* _What the exercise asks_
Below are records; the lines starting at the one with "SDC10011.JPG" and ending at the one with "Usine Directe Big" must be reproduced exactly, both included. Pictures must not appear.

* _Excerpted data_
══════════

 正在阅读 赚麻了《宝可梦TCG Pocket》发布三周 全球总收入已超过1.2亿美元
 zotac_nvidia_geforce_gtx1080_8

══════════

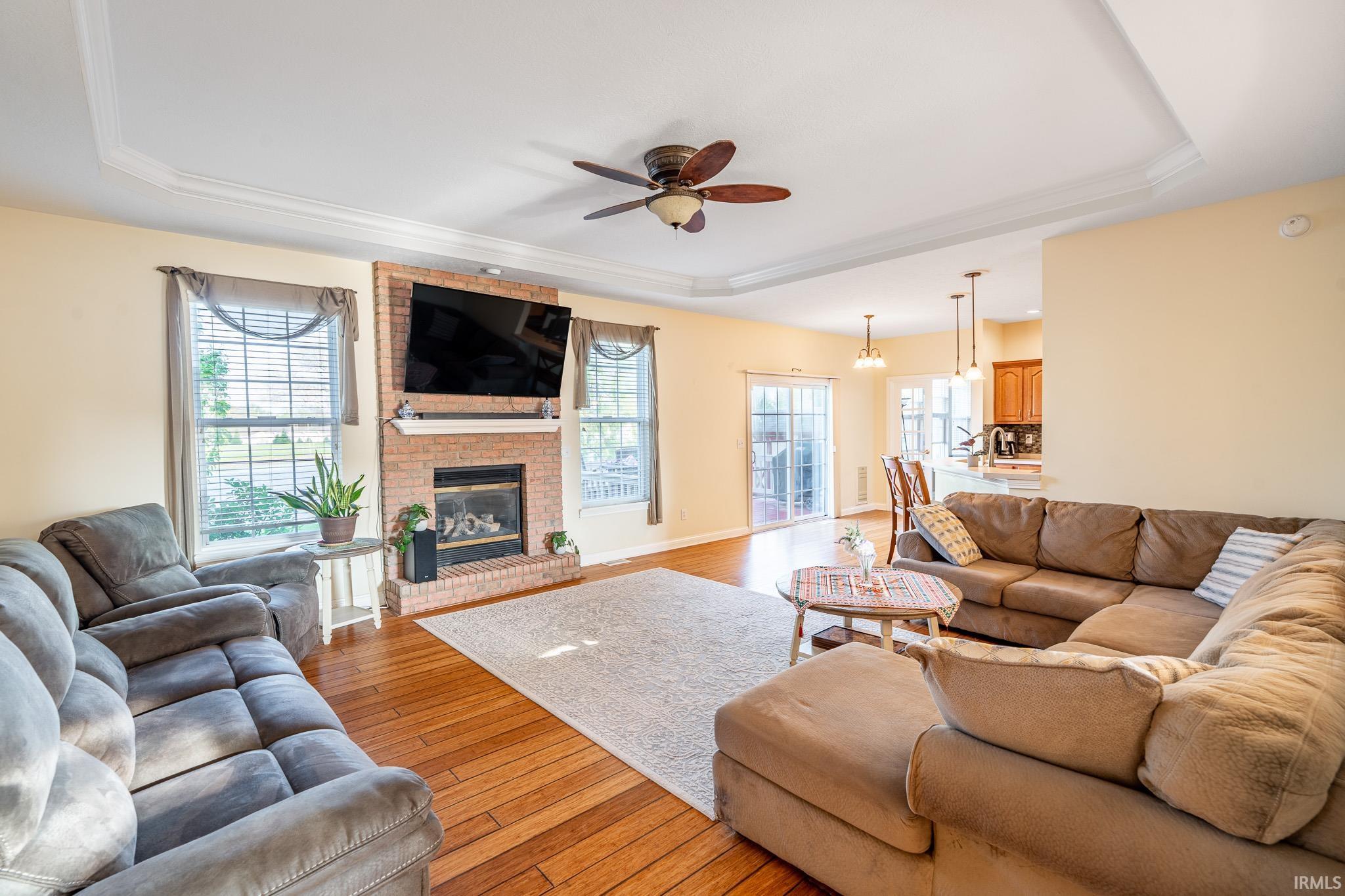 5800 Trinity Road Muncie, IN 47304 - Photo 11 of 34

══════════

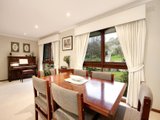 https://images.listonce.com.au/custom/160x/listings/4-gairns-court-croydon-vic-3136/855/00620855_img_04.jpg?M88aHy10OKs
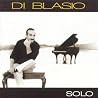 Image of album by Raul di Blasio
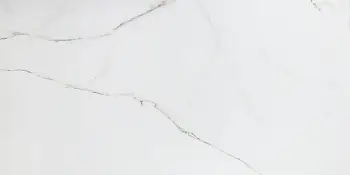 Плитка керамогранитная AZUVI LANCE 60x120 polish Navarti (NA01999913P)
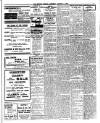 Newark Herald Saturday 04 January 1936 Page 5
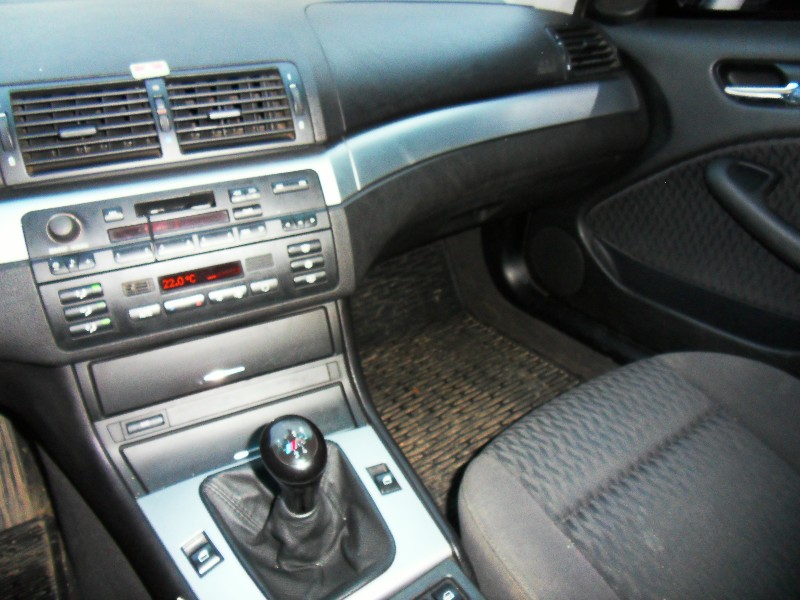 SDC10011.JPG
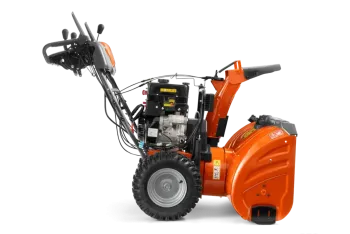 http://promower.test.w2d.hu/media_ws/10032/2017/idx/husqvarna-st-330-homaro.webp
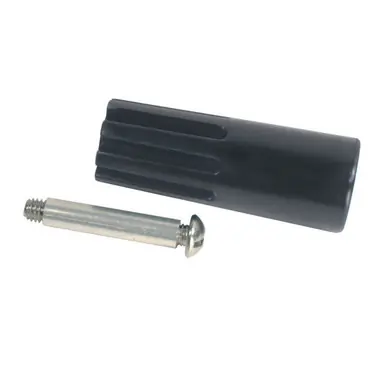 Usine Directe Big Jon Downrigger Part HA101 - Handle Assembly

══════════

* _Answer_
 SDC10011.JPG
 http://promower.test.w2d.hu/media_ws/10032/2017/idx/husqvarna-st-330-homaro.webp
 Usine Directe Big Jon Downrigger Part HA101 - Handle Assembly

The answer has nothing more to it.